Profiling High Bandwidth Memory Performance on Intel® Xeon® CPU Max...

Intel® VTune™ Profiler Performance Analysis Cookbook

Download PDF

ID 766316

Date 9/05/2023

Version

Public

A newer version of this document is available. Customers should click here to go to the newest version.

Profiling High Bandwidth Memory Performance on Intel® Xeon® CPU Max Series

Use Intel® VTune™ Profiler to profile memory-bound workloads in high performance computing (HPC) and artificial intelligence (AI) applications which utilize high bandwidth memory (HBM).

As HPC and AI applications grow increasingly complex, these memory-bound workloads are increasingly challenged by memory bandwidth. High bandwidth memory (HBM) technology in the Intel^® Xeon^® CPU Max Series of processors tackles the bandwidth challenge. This recipe describes how you use VTune Profiler to profile HBM performance in these memory-bound applications.

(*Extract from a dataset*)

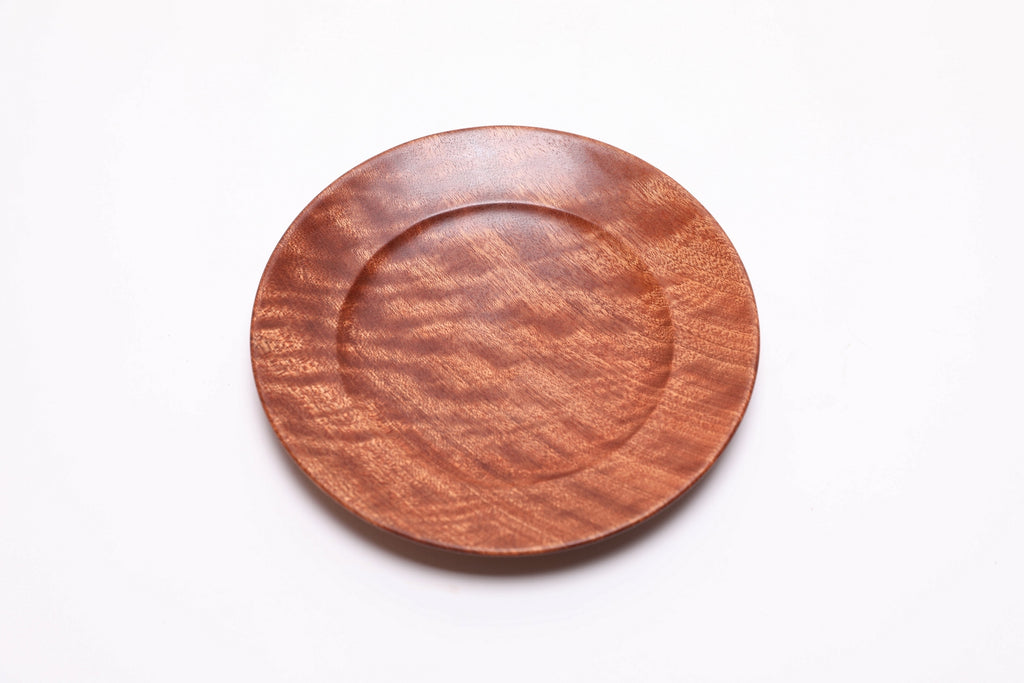 Handcrafted sapele ring dish, top view rotated 30°, highlighting ribbon figure and warm wood tones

Content Expert: Vishnu Naikawadi, Min Yeol Lim, and Alexander Antonov

In this recipe, you use VTune Profiler to profile a memory-bound application on a system that has HBM memory.VTune Profiler displays HBM-specific performance metrics which can help you understand the usage of HBM memory by the workload. Thus, you can analyze the performance of the workload in the context of HBM memory.

Memory Modes in HBM

The Intel® Xeon® CPU Max Series of processors offers HBM in three memory modes:

	HBM Only	HBM Flat Mode	HBM Caching Mode
Memory Configuration	HBM Memory. No DRAM.	Flat memory regions with HBM and DRAM	HBM caches DRAM
Workload Capacity	64 GB or less	64 GB or more	64 GB or more
Code Change	No code change.	Code change may be necessary to optimize performance.	No code change.
Usage	System boots and operates with HBM only.	Provides flexibility for applications that require large memory capacity.	Blend of HBM Only and HBM Flat Mode. Whole applications may fit in HBM cache. This mode blurs the line between cache and memory.

Switch HBM Modes

When you do not install DRAM, the processor operates in HBM Only mode. In this mode, HBM is the only memory available to the OS and all applications. The OS may see all of the installed HBM, while applications can only see what is exposed by the OS.

When you install DRAM, you can select different HBM memory modes by changing the BIOS memory mode configuration:

Open EDKII Menu.
In the Socket Configuration option, select Memory Map.
Open Volatile Memory.

NOTE:
The UI path to change the BIOS configuration may vary depending on the BIOS running on your system.
Change the HBM mode:
- To select the HBM Flat mode, select 1LM (or 1-Level Mode). This mode exposes the HBM and DRAM memories to the software. Each memory is available as a separate address space (NUMA node).
- To select the HBM Cache mode, select 2LM (or 2-Level Mode). In this mode, only the DRAM address space is visible. HBM functions as a transparent memory-side cache for DRAM.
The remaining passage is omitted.